Posted in Books, Statistics, University life with tags Bernoulli factory, book review, coupling from the past, forward-backward formula, java, Mark Huber, MCMC algorithms, Monte Carlo Statistical Methods, perfect sampling on January 19, 2016 by xi'an**G**reat news! Mark Huber (whom I’ve know for many years, so this review may be not completely objective!) has just written a book on perfect simulation! I remember (and still share) the excitement of the MCMC community when the first perfect simulation papers of Propp and Wilson (1995) came up on the (now deceased) MCMC preprint server, as it seemed then the ideal (perfect!) answer to critics of the MCMC methodology, plugging MCMC algorithms into a generic algorithm that eliminating burnin, warmup, and convergence issues… It seemed both magical, with the simplest argument: “start at T=-∞ to reach stationarity at T=0”, and esoteric (“why forward fails while backward works?!”), requiring simple random walk examples (and a java app by Jeff Rosenthal) to understand the difference (between backward and forward), as well as Wilfrid Kendall’s kids’ coloured wood cubes and his layer of leaves falling on the ground and seen from below… These were exciting years, with MCMC still in its infancy, and no goal seemed too far away! Now that years have gone, and that the excitement has clearly died away, perfect sampling can be considered in a more sedate manner, with pros and cons well-understood. This is why Mark Huber’s book is coming at a perfect time if any! It covers the evolution of the perfect sampling techniques, from the early coupling from the past to the monotonous versions, to the coalescence principles, with applications to spatial processes, to the variations on nested sampling and their use in doubly intractable distributions, with forays into the (fabulous) Bernoulli factory problem (a surprise for me, as Bernoulli factories are connected with unbiasedness, not stationarity! Even though my only fieldwork [with Randal Douc] in such factories was addressing a way to turn MCMC into importance sampling. The key is in the notion of approximate densities, introduced in Section 2.6.). The book is quite thorough with the probabilistic foundations of the different principles, with even “a [tiny weeny] little bit of measure theory.
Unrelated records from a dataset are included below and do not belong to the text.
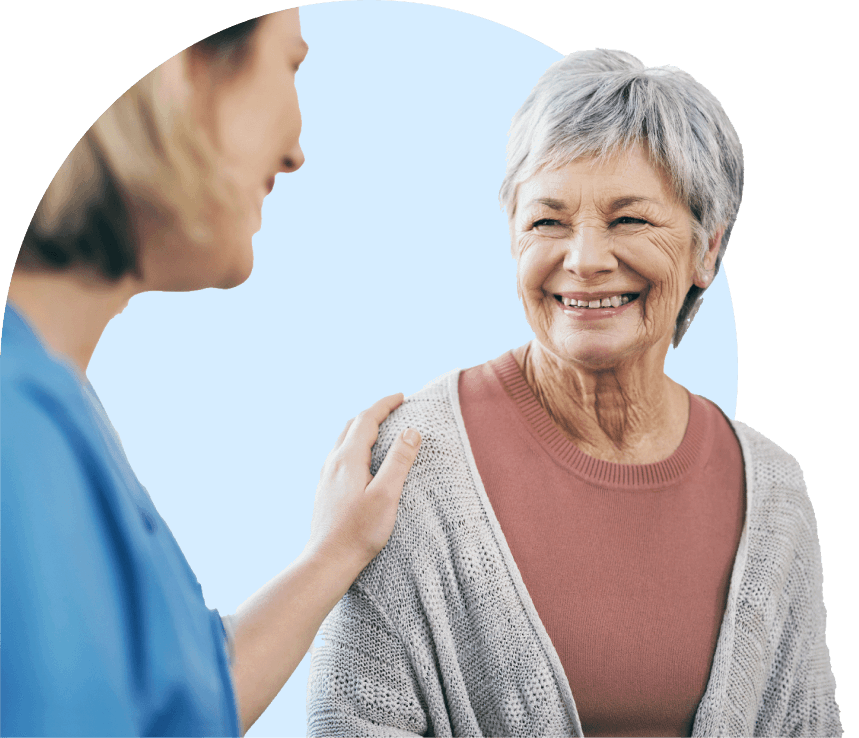 Caring hand placed on older woman's shoulder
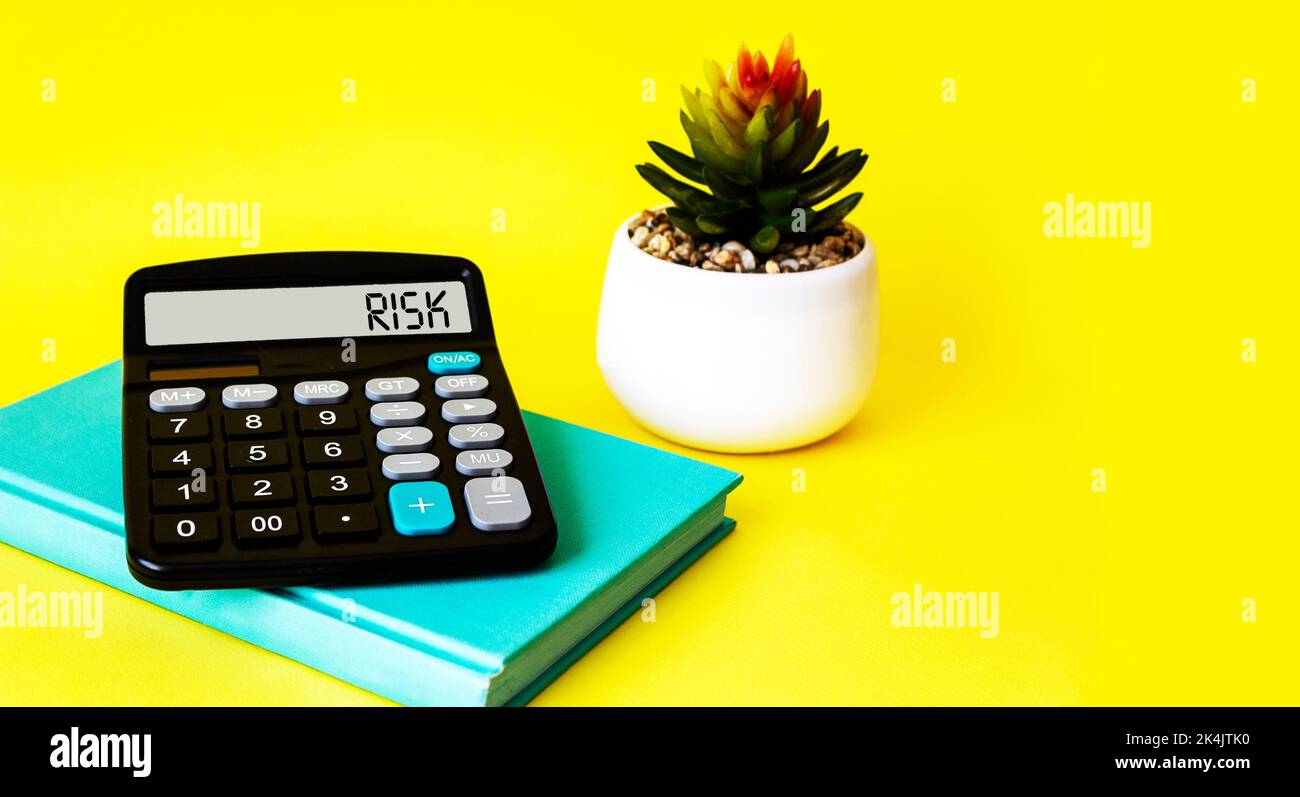 insurance or risk concept. Word Risk on calculator display and yellow background Stock Photo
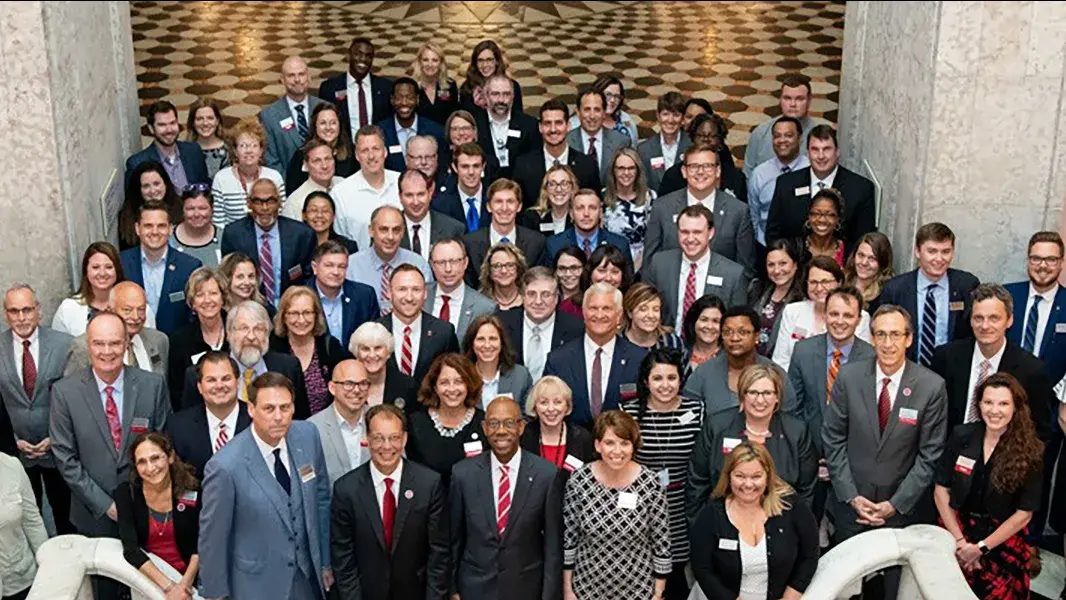 group of buckeye advocates stand at the bottom of a grand staircase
Any imperfection?! Rather, only a (short too short!) reflection on the limitations of perfect sampling, namely that it cannot cover the simulation of posterior distributions in the Bayesian processing of most statistical models. Which makes the quote

“Distributions where the label of a node only depends on immediate neighbors, and where there is a chance of being able to ignore the neighbors are the most easily handled by perfect simulation protocols (…) Statistical models in particular tend to fall into this category, as they often do not wish to restrict the outcome too severely, instead giving the data a chance to show where the model is incomplete or incorrect.” (p.223)
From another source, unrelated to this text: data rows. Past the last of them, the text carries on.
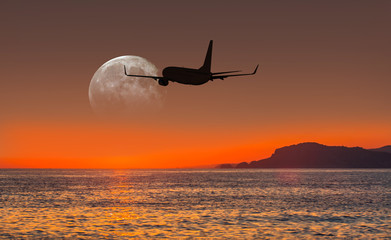 Airplane flying above tropical sea at sunset with full moon 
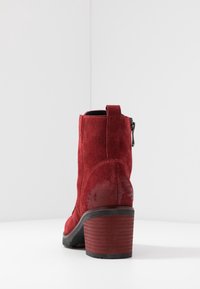Rote Wildleder-Chelsea-Stiefel mit Blockabsatz, Reißverschluss hinten und robuster strukturierter Sohle. Mit einem Zuglasche für einfaches Anziehen.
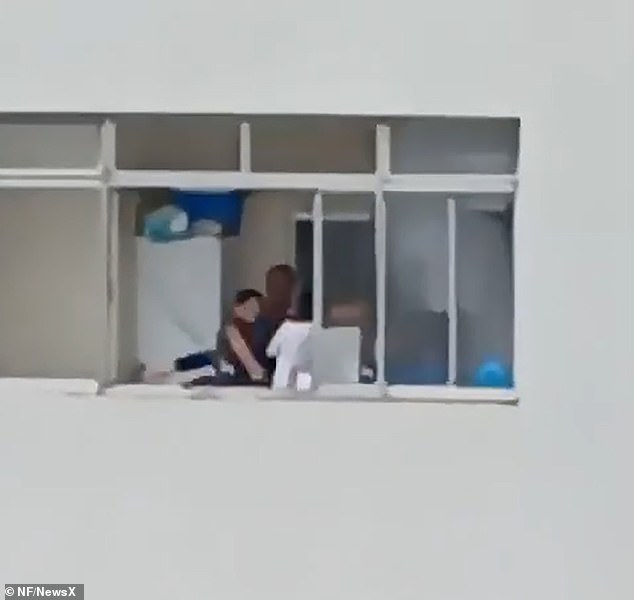 The woman was eventually rescued when people below the building clapped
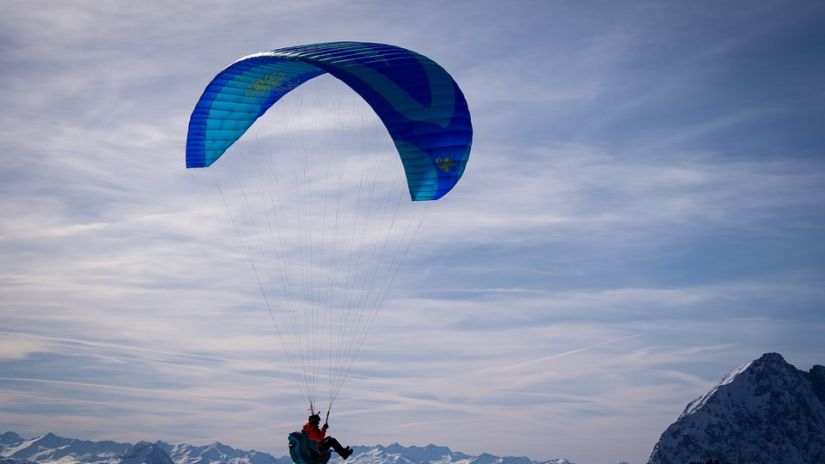 Paragliding on the mountain range overlooking the wide sky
just surprising, given the very small percentage of statistical models which can be handled by perfect sampling. And the downsizing of perfect sampling related papers in the early 2000’s. Which also makes the final and short section on the future of perfect sampling somewhat restricted in its scope.
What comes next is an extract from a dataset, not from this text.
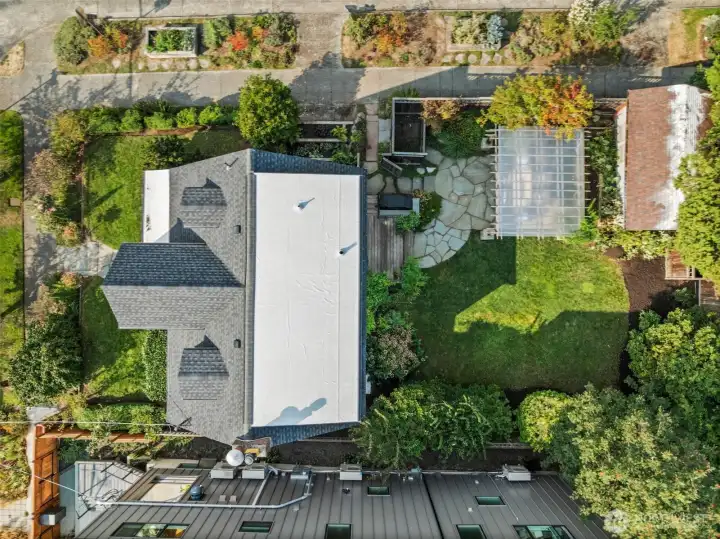 Well-maintained Tudor surrounded by lush landscape, garden beds and entertainment areas or for relaxation.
So, great indeed!, a close to perfect entry to a decade of work on perfect sampling. If you have not heard of the concept before, consider yourself lucky to be offered such a gentle guidance into it. If you have dabbled with perfect sampling before, reading the book will be like meeting old friends and hearing about their latest deeds. More formally, Mark Huber’s book should bring you a new perspective on the topic. (As for me, I had never thought of connecting perfect sampling with accept reject algorithms.)